In 2003, Francois Coté, a 47-year-old living in New York, entered a chatroom that was advertised as a “fantasy channel for young girls and those who love then [sic].”

Through the chat room, Coté initiated a private chat with “lil’mary,” who described herself as “14 f chgo,” Internet slang for a 14-year-old female from Chicago.

However, “lil’mary” was actually a Cook County sheriff’s deputy. When Coté came to Chicago to meet “lil’mary,” he was arrested and charged in federal court with violations of 18 U.S.C. 2423(b) and 2422(b).

On the second count, the district judge instructed the jury, in relevant part, as follows: “The government must prove that the defendant believed the person with whom he was communicating was a minor, but it is not a defense to the charge that the person was not, in fact, a minor.”

Knowledge and Belief

The jury found Coté guilty, and he appealed, but the Seventh Circuit affirmed in a decision by Judge Kenneth F. Ripple.

The court first held sec. 2422(b) constitutional, even though it does not contain a scienter requirement, regarding any knowledge the defendant had about the age of the victim.

At the time of the offense, the statute read, “Whoever, using any facility or means of interstate or foreign commerce … knowingly persuades, induces, entices, or coerces any individual who has not attained the age of 18 years to engage in prostitution or any sexual act for which any person can be charged with a criminal offense, or attempts to do so, shall be fined under this title or imprisoned not more than 15 years, or both.” (The current version is different, but the scienter language is not substantively different).

The court acknowledged that, without a scienter requirement for the age of the victim, the statute could chill speech protected by the First Amendment. However, it concluded that it need not read the statute in that fashion.

Knowledge Issue Evolves

The court noted that, in Morissette v. U.S., 342 U.S.246 ((1952), the U.S. Supreme Court established a presumption in favor of a scienter requirement for each statutory element that criminalizes otherwise innocent conduct.

The flawed statute in Morrissette made it a crime to “embezzle[], steal[], purloin[], or knowingly convert[] property of the government.”

Even though the adverb “knowingly” only modified the verb “convert,” but none of the others, the court interpreted the statute so that the scienter requirement extended to all the necessary facts.

Likewise, in U.S. v.

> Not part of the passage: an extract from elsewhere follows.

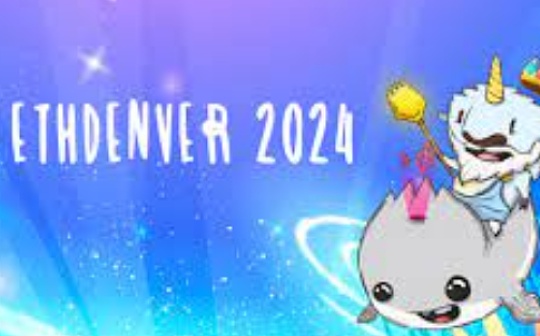 ETHDenver上有哪些值得关注的叙事和项目 ETHDenver上有哪些值得关注的叙事和项目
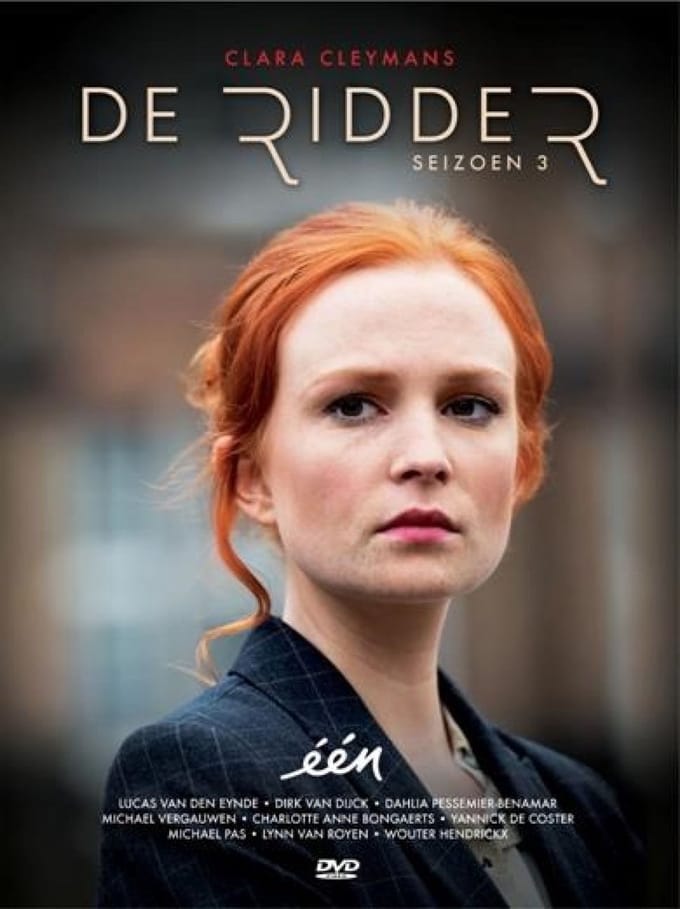 De Ridder - Seizoen 3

X-Citement Video, 13 U.S. 64 (1994), a case involving child pornography, the scienter element in the statute referred only to knowingly shipping or receiving the pornography, without any element that the defendant knew the age of the victim depicted.
Nevertheless, the court interpreted the statute to include knowledge of the child’s age as a requirement.

Extending the reasoning in X-Citement Video and Morrissette to the statute in the case at bar, and citing the Ninth Circuit’s interpretation of sec. 2422(b) in U.S. v. Meek, 366 F.3d 705 (9th Cir. 2004), the Seventh Circuit held the statute constitutional, by reading a scienter element into it.

In Meek, the court held that, “the term ‘knowingly’ refers both to the verbs — ‘persuades, induces, entices, or coerces’ — as well as to the object — ‘a person who has not achieved the age of 18 years.’” Meek, 366 F.3d at 718.

Proof of Knowledge

The Seventh Circuit adopted the reasoning of the Ninth Circuit, concluding that it was consistent with U.S. Supreme Court precedent, and congressional intent.

Thus, the court held that the statute is not unconstitutional on its face, but must be interpreted to require proof of the defendant’s knowledge of the age of the victim.

The court then held that the district court did not err when it instructed the jury that Coté could be found guilty if he believed, albeit mistakenly, that the victim was a minor.

Agreeing with the government, and the other circuits that have considered the issue, that because Coté was charged under the attempt provision of the statute, the government’s burden was only to prove that he intended to do one of the proscribed acts with respect to a minor.

Coté further argued that the jury instructions imposed an improper scienter requirement, because they used the term “believed,” rather than “knew,” with respect to his understanding of the victim’s age. Again, though, because Coté was charged with a criminal attempt, rather than a completed offense, the court concluded the difference was irrelevant.

Accordingly, the court affirmed.

Analysis

The decision settles that 18 U.S.C. 2242(b) is constitutional, and gives approval to the jury instructions employed in this case, eliminating two possible grounds for appeal in these very frequent cases.

In other types of cases, however, attorneys and courts must be careful to pay attention to the difference between “belief” and “knowledge.”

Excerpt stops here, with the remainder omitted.